> _Records for the task_
=== Section Start ===

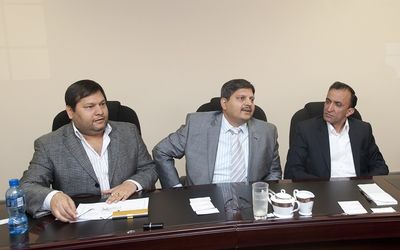 From left: Ajay Gupta younger brother Atul Gupta and Oakbay MD Jagdish Parekh and Duduzane Zuma , who is a son of the president. Picture: MARTIN RHODES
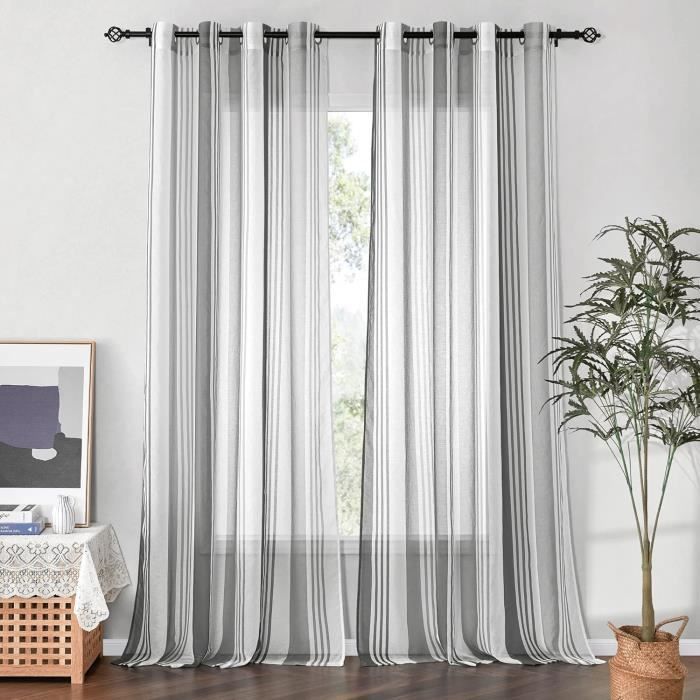 Rideaux Voilage Dégradé Gris Et Blanc 140x225 Cm - 2 Pièces, Semi-Transparent, Œillets, Salon Ou Chambre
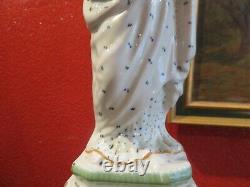 Ancien statue sculpture epoque XVIIIe vierge enfant ste Anne en faience emaillée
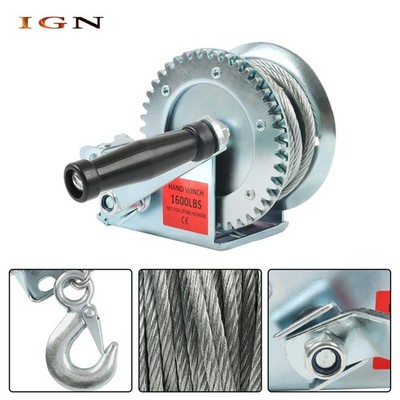 1600-lbs Hand Winch Boat Winch Hand Crank Winch 1600lbs With Cable Manual Winche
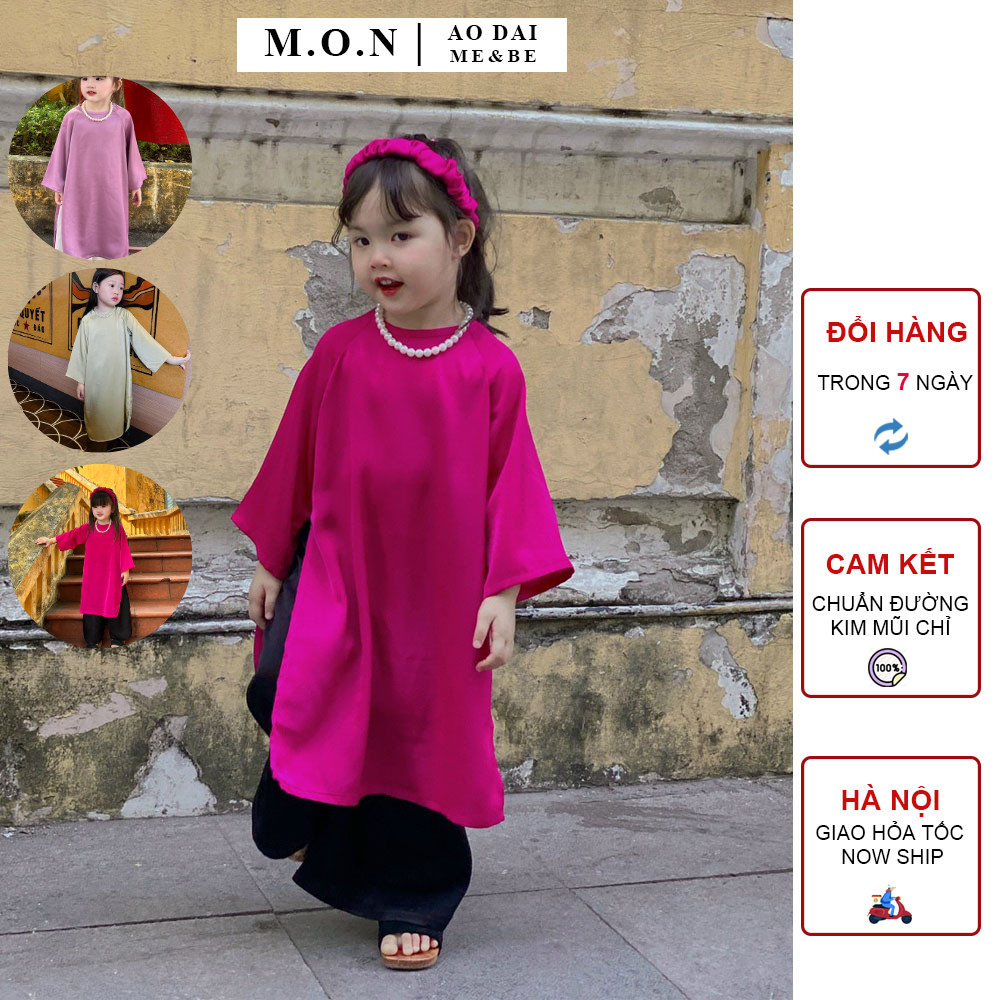 Set áo dài trơn mẹ bé diễm tú chất liệu lụa cao cấp mát lịm
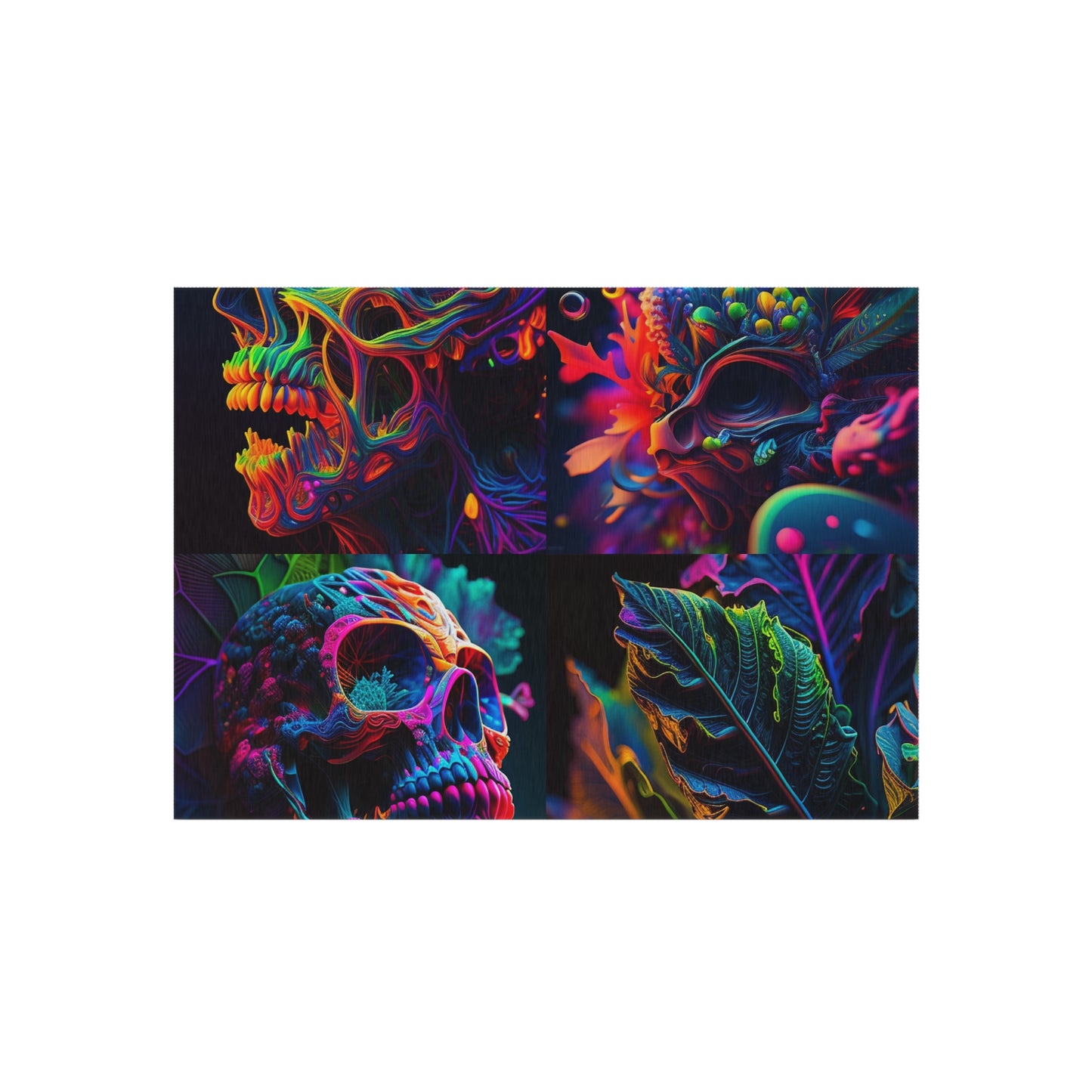 Outdoor Rug  Florescent Skull Death 5
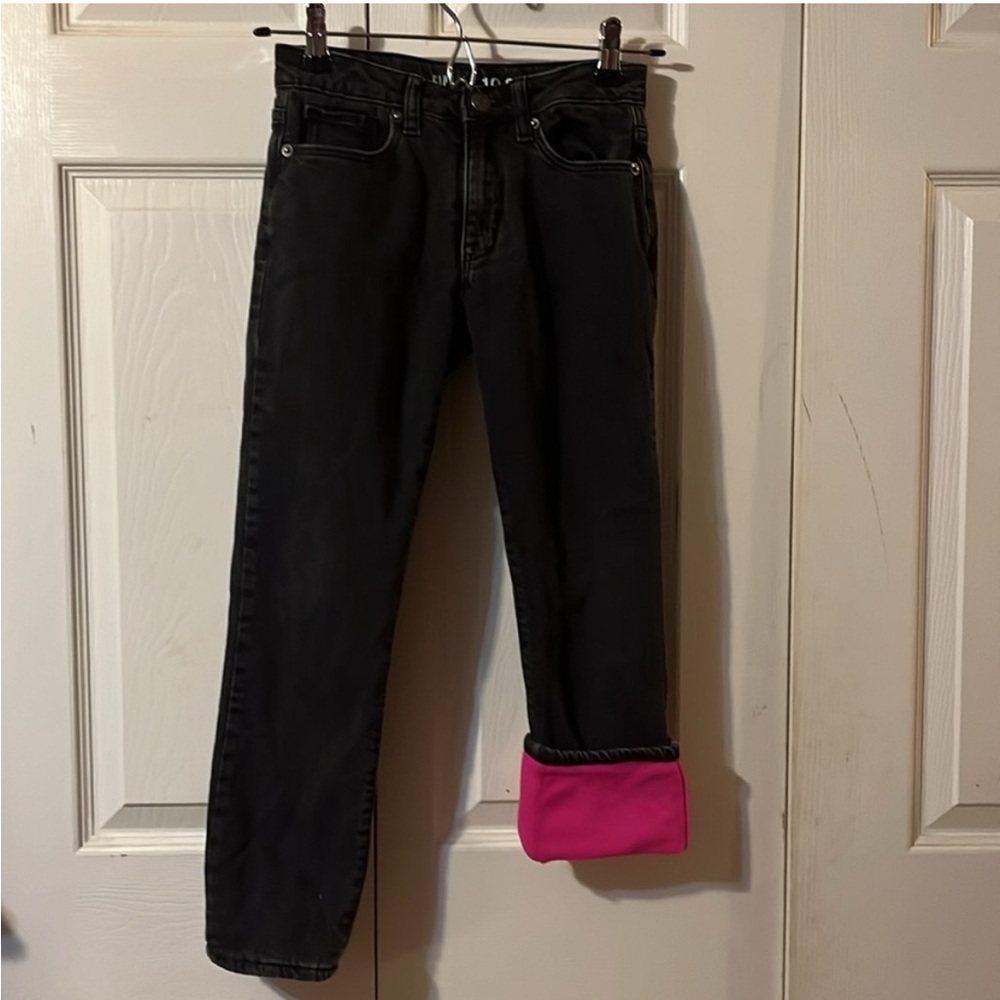 GAP Girl's Slim Black Fleeced Jeans, size 10.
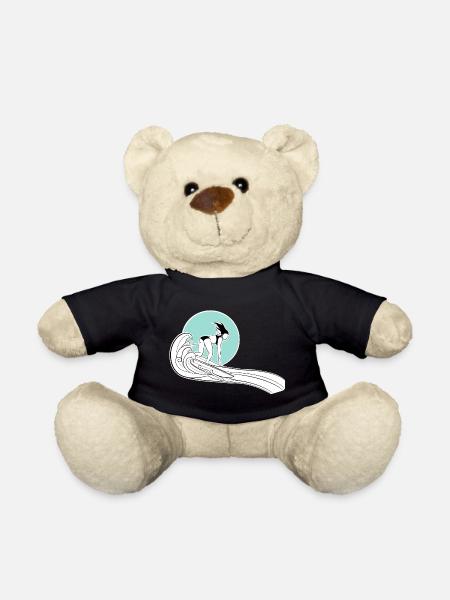 Surfer Girl Shirt with Illustration - Teddy Bear - black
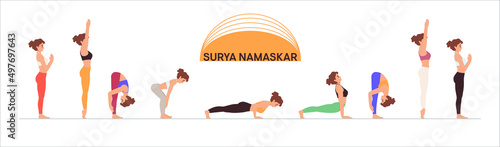 Yoga woman vector illustration. Sun Sautation yoga poses set, eps 10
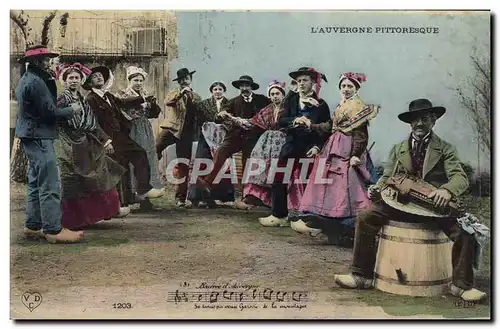 Ansichtskarte AK Folklore Auvergne La bourree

=== Section End ===

> _Problem to solve_
All of the records need to be restated word for word, but not the pictures.

> _Reply to the exercise_
 From left: Ajay Gupta younger brother Atul Gupta and Oakbay MD Jagdish Parekh and Duduzane Zuma , who is a son of the president. Picture: MARTIN RHODES
 Rideaux Voilage Dégradé Gris Et Blanc 140x225 Cm - 2 Pièces, Semi-Transparent, Œillets, Salon Ou Chambre
 Ancien statue sculpture epoque XVIIIe vierge enfant ste Anne en faience emaillée
 1600-lbs Hand Winch Boat Winch Hand Crank Winch 1600lbs With Cable Manual Winche
 Set áo dài trơn mẹ bé diễm tú chất liệu lụa cao cấp mát lịm
 Outdoor Rug  Florescent Skull Death 5
 GAP Girl's Slim Black Fleeced Jeans, size 10.
 Surfer Girl Shirt with Illustration - Teddy Bear - black
 Yoga woman vector illustration. Sun Sautation yoga poses set, eps 10
 Ansichtskarte AK Folklore Auvergne La bourree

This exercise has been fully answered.